The biggest cause of misery in the UK is poor mental health. Costing over £105billion one in six adults and one in 10 children suffer a mental illness at any one time in this country.
Over the past 12 months I have chaired a commission for the think tank CentreForum grappling with how we translate these facts into change.
Stigma breeds institutional bias even in the NHS, institutional bias leads to evidence being overlooked and ignorance of the evidence means mental health does not get its fair share of resources.
Despite the evidence the NHS remains doggedly stuck, separating the physical from the psychological and the social. Yet it is only by bringing them together that we can we hope to make the best use of the resources available and improve the wellbeing of the nation.
This institutional bias against mental health was brought into sharp focus recently by the decision of NHS England to raid the budgets of Mental Health Trusts to help Acute Trusts deliver the recommendations of the Francis Report, as if the same issues did not arise in mental health.
Over the past twelve months the Mental Health Commission has taken stock of where we are today and what a new ambition for mental health should look like. Our goal has been to identify the key changes that over the next five to 10 years will reduce the number of people experiencing lifelong mental illness and help those who suffer mental illness to recover.
The commission has identified five big shifts in policy and practice.
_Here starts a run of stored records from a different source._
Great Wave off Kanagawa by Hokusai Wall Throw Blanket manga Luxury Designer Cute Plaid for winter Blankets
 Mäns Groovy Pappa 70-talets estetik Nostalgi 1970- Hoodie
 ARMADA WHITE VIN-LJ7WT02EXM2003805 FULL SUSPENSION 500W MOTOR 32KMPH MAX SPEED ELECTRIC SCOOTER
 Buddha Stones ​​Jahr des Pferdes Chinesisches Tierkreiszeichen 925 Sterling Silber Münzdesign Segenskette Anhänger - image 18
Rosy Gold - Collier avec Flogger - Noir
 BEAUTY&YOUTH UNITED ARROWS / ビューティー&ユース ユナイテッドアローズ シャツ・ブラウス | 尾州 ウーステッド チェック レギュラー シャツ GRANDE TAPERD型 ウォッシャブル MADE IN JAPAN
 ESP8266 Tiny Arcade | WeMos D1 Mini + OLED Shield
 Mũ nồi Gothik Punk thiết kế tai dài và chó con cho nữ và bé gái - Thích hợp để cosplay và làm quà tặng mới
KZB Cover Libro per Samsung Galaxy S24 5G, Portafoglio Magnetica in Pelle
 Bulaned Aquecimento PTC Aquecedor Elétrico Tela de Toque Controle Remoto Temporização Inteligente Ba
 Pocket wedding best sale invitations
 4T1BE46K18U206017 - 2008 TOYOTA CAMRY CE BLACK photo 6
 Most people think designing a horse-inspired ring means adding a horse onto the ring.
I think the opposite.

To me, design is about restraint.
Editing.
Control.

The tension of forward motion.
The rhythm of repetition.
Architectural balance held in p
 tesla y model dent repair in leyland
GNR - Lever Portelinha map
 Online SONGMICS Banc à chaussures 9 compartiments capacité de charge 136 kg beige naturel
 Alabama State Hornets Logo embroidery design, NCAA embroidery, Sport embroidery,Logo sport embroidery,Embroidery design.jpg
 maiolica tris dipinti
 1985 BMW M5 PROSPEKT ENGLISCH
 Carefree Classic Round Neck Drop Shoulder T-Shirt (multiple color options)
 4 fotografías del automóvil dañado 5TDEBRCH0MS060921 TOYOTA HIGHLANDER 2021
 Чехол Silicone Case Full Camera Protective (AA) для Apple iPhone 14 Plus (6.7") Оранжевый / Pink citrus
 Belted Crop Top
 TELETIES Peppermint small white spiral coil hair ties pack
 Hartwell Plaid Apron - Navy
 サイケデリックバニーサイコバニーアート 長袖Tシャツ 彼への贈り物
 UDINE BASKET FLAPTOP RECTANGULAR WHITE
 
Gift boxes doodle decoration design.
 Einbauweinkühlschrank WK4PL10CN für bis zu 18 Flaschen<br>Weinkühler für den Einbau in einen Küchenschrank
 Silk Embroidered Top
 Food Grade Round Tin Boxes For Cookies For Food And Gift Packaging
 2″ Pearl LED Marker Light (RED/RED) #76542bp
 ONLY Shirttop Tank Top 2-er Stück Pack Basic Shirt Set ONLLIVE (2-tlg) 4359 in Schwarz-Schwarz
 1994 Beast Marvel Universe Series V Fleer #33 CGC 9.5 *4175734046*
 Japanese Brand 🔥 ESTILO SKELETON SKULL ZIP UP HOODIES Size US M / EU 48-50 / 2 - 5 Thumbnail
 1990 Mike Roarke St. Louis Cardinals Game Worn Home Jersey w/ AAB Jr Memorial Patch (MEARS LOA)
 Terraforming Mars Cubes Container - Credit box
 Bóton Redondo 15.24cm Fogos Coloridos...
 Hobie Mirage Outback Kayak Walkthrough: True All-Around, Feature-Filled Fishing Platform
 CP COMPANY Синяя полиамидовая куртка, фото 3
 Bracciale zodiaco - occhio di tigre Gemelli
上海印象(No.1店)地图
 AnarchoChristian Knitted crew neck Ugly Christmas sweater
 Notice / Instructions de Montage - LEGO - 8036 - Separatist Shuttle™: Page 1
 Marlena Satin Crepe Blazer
First, make wellbeing or the 'pursuit of happiness' matter as much as GDP. The tools are available to evaluate policy and measure its impact with wellbeing in mind. This needs leadership right from the top of government and sustained action to tackle stigma.
Second, a national wellbeing programme led by Public Health England to foster mutual support, self-care and recovery. Locally tailored by Health and Wellbeing Boards to make the best of the skills and talents in communities up and down the country, building up community capacity where necessary.
Third, prioritise investment in the mental health of children and young people right from conception. By ending the back passing and fragmented commissioning and by scaling up what works we can transform the life chances of millions of children. Good mental health will reduce the costs to society of low educational attainment, bad behaviour, worklessness, crime and antisocial behaviour.
Four, make our places of work mental health friendly. The cost to business in terms of sickness absence and lost productivity runs to £23.5billion. There is good practice, it should become the norm, and it would save money. Government should lead in its own employment practice and set the standard in its procurement.
Five, close the treatment gap that leaves one in 10 people needlessly suffering depression and severe anxiety. Equip primary care to identify and support the mental and behavioural health needs of its patients. Integrating mental health and social work expertise into the primary health care teams to ensure a holistic approach.
The Commission believe that NHS England should be set the clear goal of achieving parity of funding for mental health over the next decade. We are under no illusions about the difficulties of making these changes over the next five years against a backdrop of financial constraint. However, we believe that the case for spending to be rebalanced towards mental health is overwhelming. For example, poorly managed long term mental and physical health problems cost the NHS £13billion a year.
The cost of doing nothing or simply settling for gradual change runs to billions of pounds, but the real cost is measured in human misery, misery for want of determination to act on the evidence.
Paul Burstow MP, was Minister for Mental Health 2010-2012. The Centre Forum Commission on Mental Health comprises Lord Victor Adebowale CBE, Professor Dame Sue Bailey, Paul Farmer, Angela Greatley OBE, Paul Jenkins OBE, and Dr Alison Rose-Quirie.